When the row format records binlog, all field values ​​of the newly inserted row will be recorded, so there will only be one row inconsistent at the end. And the application threads that are synchronized between the two sides will report a duplicate key error and stop. That is to say, in this case, the two rows of data of B's ​​(5,4) and A's (5,5) will not be executed by the other party:

  • Availability priority strategy, and binlog_format=row

So using the row format, data inconsistencies are easier to be found. With mixed and statement, the data is likely to be inconsistent quietly. If you find that the data is inconsistent after a long time, you may have to delete the database and run away.

The availability priority strategy of active /standby switchover will cause data inconsistency. Therefore, it is more recommended to use the reliability first strategy . After all, for data services, data reliability> availability .

Is there any situation where the priority of data availability is higher?
The role of a library is to record operation logs. At this time, if the data is inconsistent, it can be repaired through binlog, and this short-term inconsistency will not cause business problems.
At the same time, the business system relies on the writing logic of this log. If the library is not writable, online business operations cannot be executed.
At this time, you may need to forcibly switch first, and then fill in the data afterwards.
After reviewing the situation, I thought of an improvement measure: Let business logic not rely on the writing of this type of log. That is, the log writing to this logical module should be downgradable, such as writing to a local file or another temporary library.
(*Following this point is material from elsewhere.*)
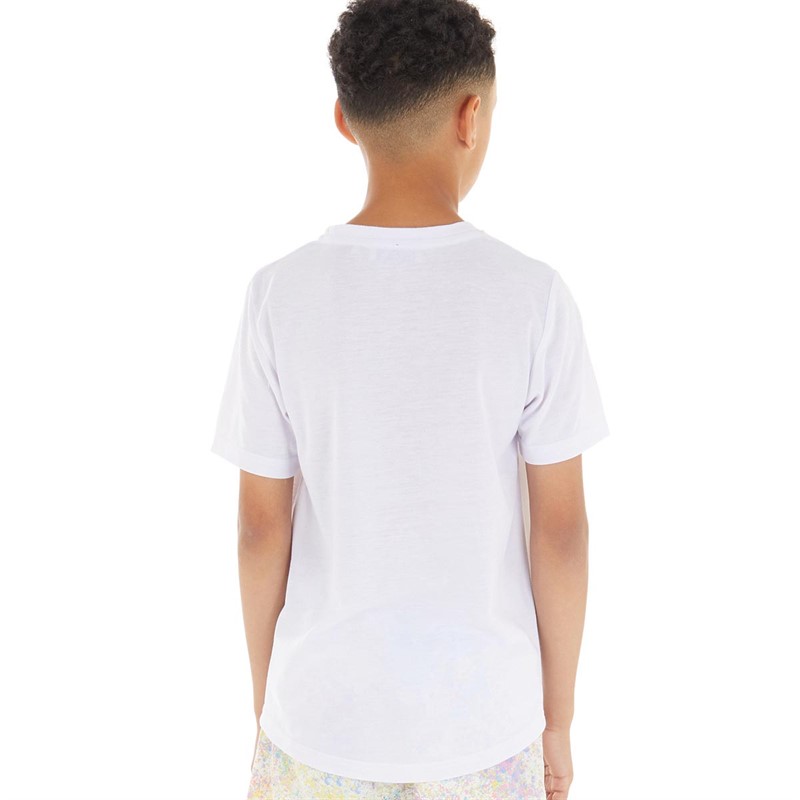 DFND London Boys Logo Splat T-Shirt White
In this scenario, the reliability priority strategy can be used .

According to reliability first, what will be the effect of abnormal switching?
Assume that the main-standby delay between the main library A and the standby library B is 30 minutes. At this time, the main library A is powered off, and the HA system needs to switch B as the main library. In the active handover, you can wait until the active-standby delay is less than 5s before starting the handover, but at this time there is no choice.
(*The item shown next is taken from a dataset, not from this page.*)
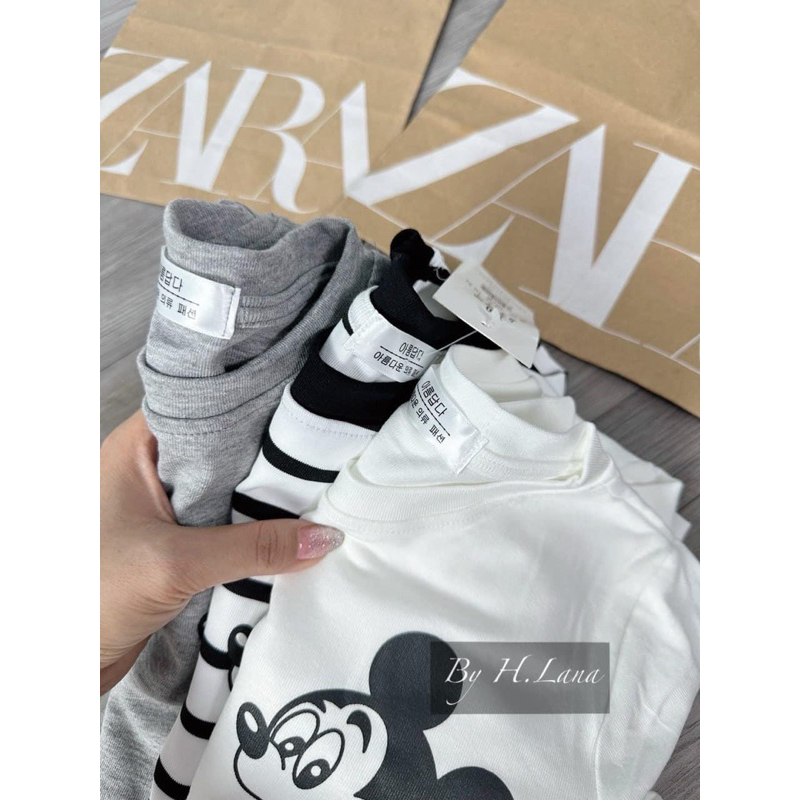 SET 3 ÁO ZIP MICKEY CHO BÉ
  • Reliability priority strategy, the main library is not available

The reliability priority strategy is adopted , and the switch can only be performed after the SBM of standby database B is =0. But now it is more serious than just before. It is not that the system is read-only and not writable, but that the system is completely unusable. Because, after the main library A is powered off, our connection has not been switched to the standby library B.

  • Can I switch directly to standby database B, but keep B read-only?
    No way. Because, during this period of time, the application of the transfer log has not been completed. If the active/standby switch is initiated directly, the client query cannot see the previously executed transaction, and it will be considered "data loss".

Although the data will be restored as the transfer log continues to be used, for some businesses, the "temporary data loss status" cannot be accepted.

On the premise of satisfying data reliability, the availability of MySQL's high-availability system depends on the delay of active and standby. The smaller the delay, the shorter the service recovery time and the higher the availability when the main library fails.